So I have a script that imports CSV's for contact lists into a table ( http://forums.digitalpoint.com/showthread.php?t=2012367 ) and to make it as efficient as possible it detects duplicates purely in SQL rather than relying on PHP and bloating the code. The script can be set to either overwrite or ignore any duplicates, and I need to be able to count how many duplicates it found. Depending on which option is set for how to handle duplicates, the query looks like the follow. Note: These are bulk inserts where multiple rows are inserted in a single query. This example shows 5 CSV rows in the batch query, but this number is much higher on the live script INSERT IGNORE INTO contacts (site_id, c_registered, c_domain, c_subscribed, c_name, c_email) VALUES ('10', NOW(), 'domain.co.uk', '1', 'Chris', 'chris@domain.co.uk'), ('10', NOW(), 'domain.co.uk', '1', 'Cyn', 'cyn@domain.co.uk'), ('10', NOW(), 'domain.co.uk', '1', 'Chloe', 'chloe@domain.co.uk'), ('10', NOW(), 'domain.co.uk', '1', 'Jennie', 'jennie@domain.co.uk'), ('10', NOW(), 'domain.co.uk', '1', 'Steve', 'steve@domain.co.uk'); Code (markup): INSERT INTO contacts (site_id, c_registered, c_domain, c_subscribed, c_name, c_email) VALUES ('10', NOW(), 'domain.co.uk', '1', 'Chris', 'chris@domain.co.uk'), ('10', NOW(), 'domain.co.uk', '1', 'Cyn', 'cyn@domain.co.uk'), ('10', NOW(), 'domain.co.uk', '1', 'Chloe', 'chloe@domain.co.uk'), ('10', NOW(), 'domain.co.uk', '1', 'Jennie', 'jennie@domain.co.uk'), ('10', NOW(), 'domain.co.uk', '1', 'Steve', 'steve@domain.co.uk') ON DUPLICATE KEY UPDATE c_name = VALUES(c_name); Code (markup): My problem is that I need somehow to be able to detect accurately how many duplicates there were mixed in with rows that weren't. Some people have suggested mysql_errno and mysql_affected_rows but these dont seem to work for the way I have implemented things Any ideas?

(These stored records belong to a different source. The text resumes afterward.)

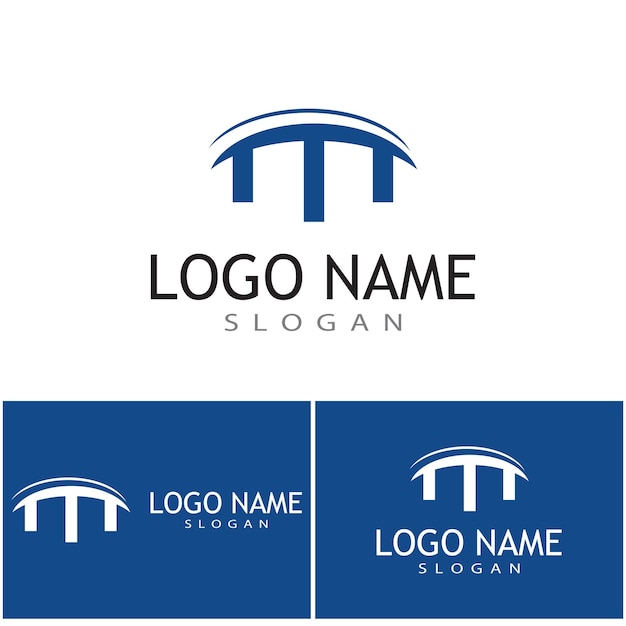 Projeto de ilustração de ícone de vetor de modelo de logotipo de ponte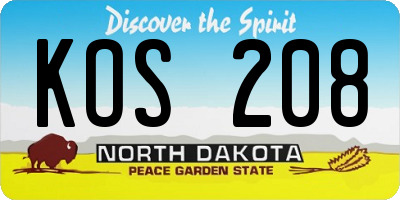 ND license plate KOS208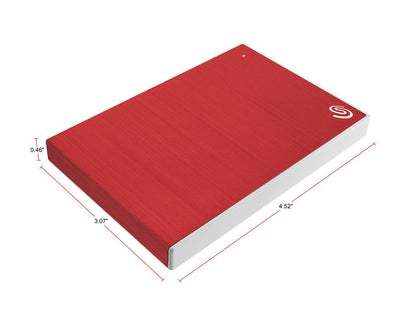 Seagate Backup Plus Slim STHN2000403 2TB Portable Hard Drive - 2.5" External - Red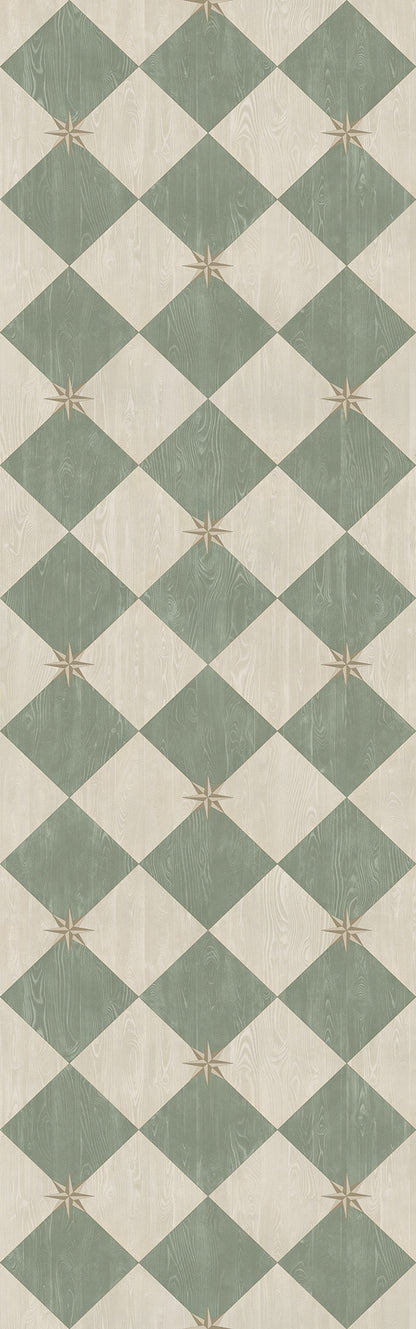 Vintage Vinyl Rug - Compass Diamond - Garden Arbor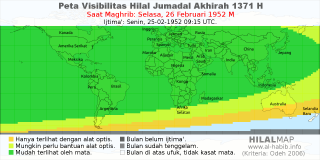 HilalMap: Peta Visibilitas Hilal Jumadal-Akhirah 1371 H: rukyat tanggal 1952-2-26 M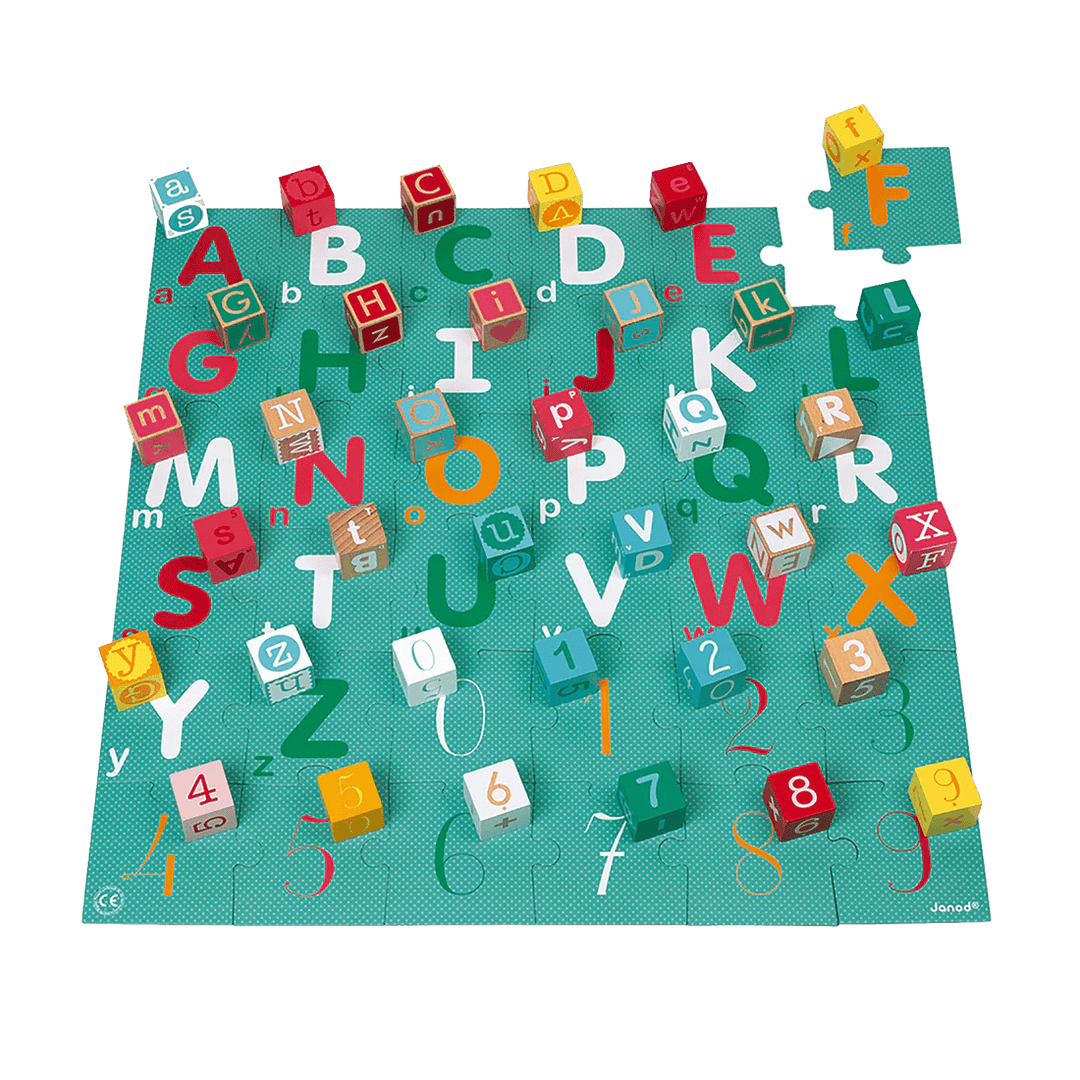 Kubix Set de 40 Blocs Lettres & Chiffres PASSE-TEMPS - Jouets - Bébé - Bébé 12-24 mois
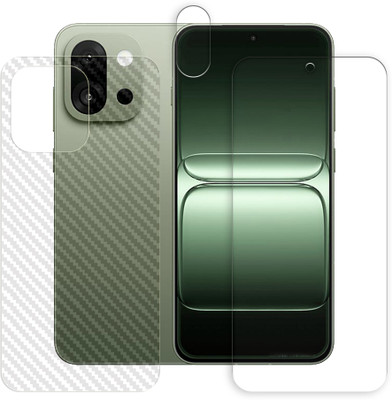 SOMTONE Front and Back Tempered Glass for OnePlus 13s 5G Tempered Glass Screen Protector | Anti-Scratch | Edge to Edge Full Coverage | 9H Hardness ( 1 FRONT SCREEN GUARD + 1 BACK CARBON FIBER SKIN + 1 CAMERA LENS PROTECTOR )(Pack of 1)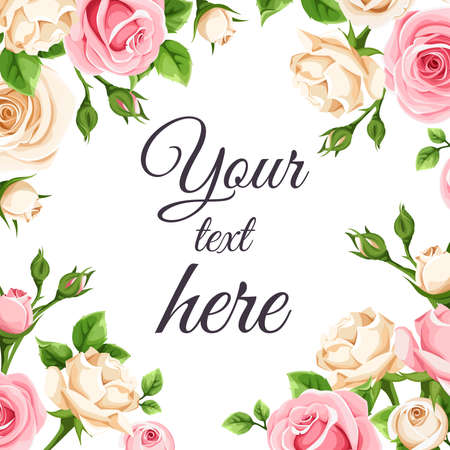 Greeting or invitation card with pink and white rose flowers.のイラスト素材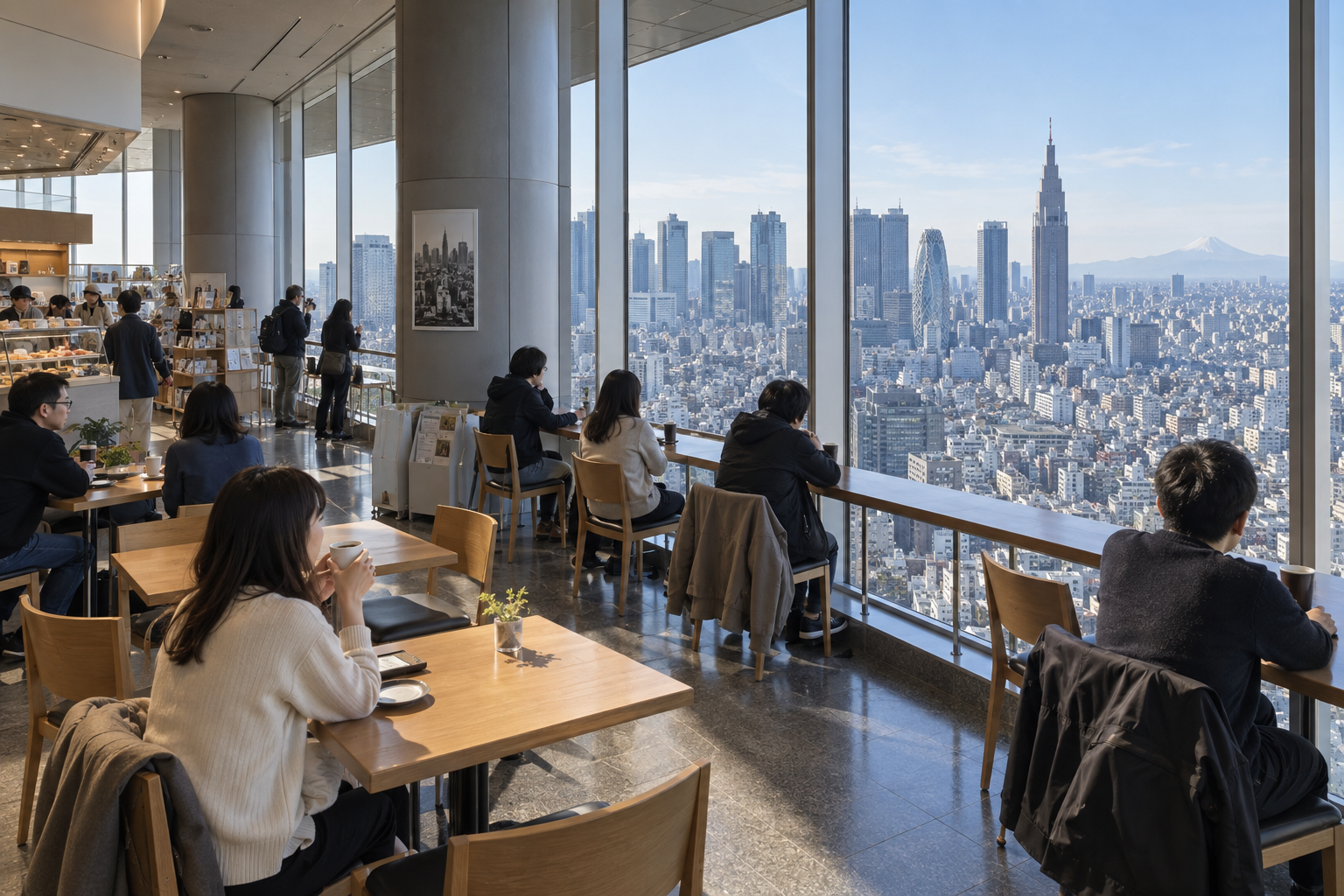 都庁北展望室のカフェ空間をイメージした画像
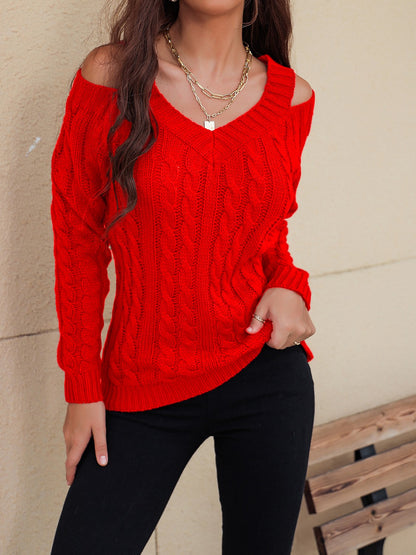 Cozy Red Cable-Knit Sweater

You can create a temporary table with no unique keys in it, than insert csv (all records) into it. Now you can count duplicates by joining temporary and first table, than you can insert records gathering data from temporary table instead of csv. Regards
Add a field `counter` to the table and use the on duplicate key update clause as follows: INSERT INTO contacts (site_id, c_registered, c_domain, c_subscribed, c_name, c_email) VALUES ('10', NOW(), 'domain.co.uk', '1', 'Chris', 'chris@domain.co.uk'), ('10', NOW(), 'domain.co.uk', '1', 'Cyn', 'cyn@domain.co.uk'), ('10', NOW(), 'domain.co.uk', '1', 'Chloe', 'chloe@domain.co.uk'), ('10', NOW(), 'domain.co.uk', '1', 'Jennie', 'jennie@domain.co.uk'), ('10', NOW(), 'domain.co.uk', '1', 'Steve', 'steve@domain.co.uk') ON DUPLICATE KEY UPDATE c_name = VALUES(c_name), `counter` = `counter` + 1;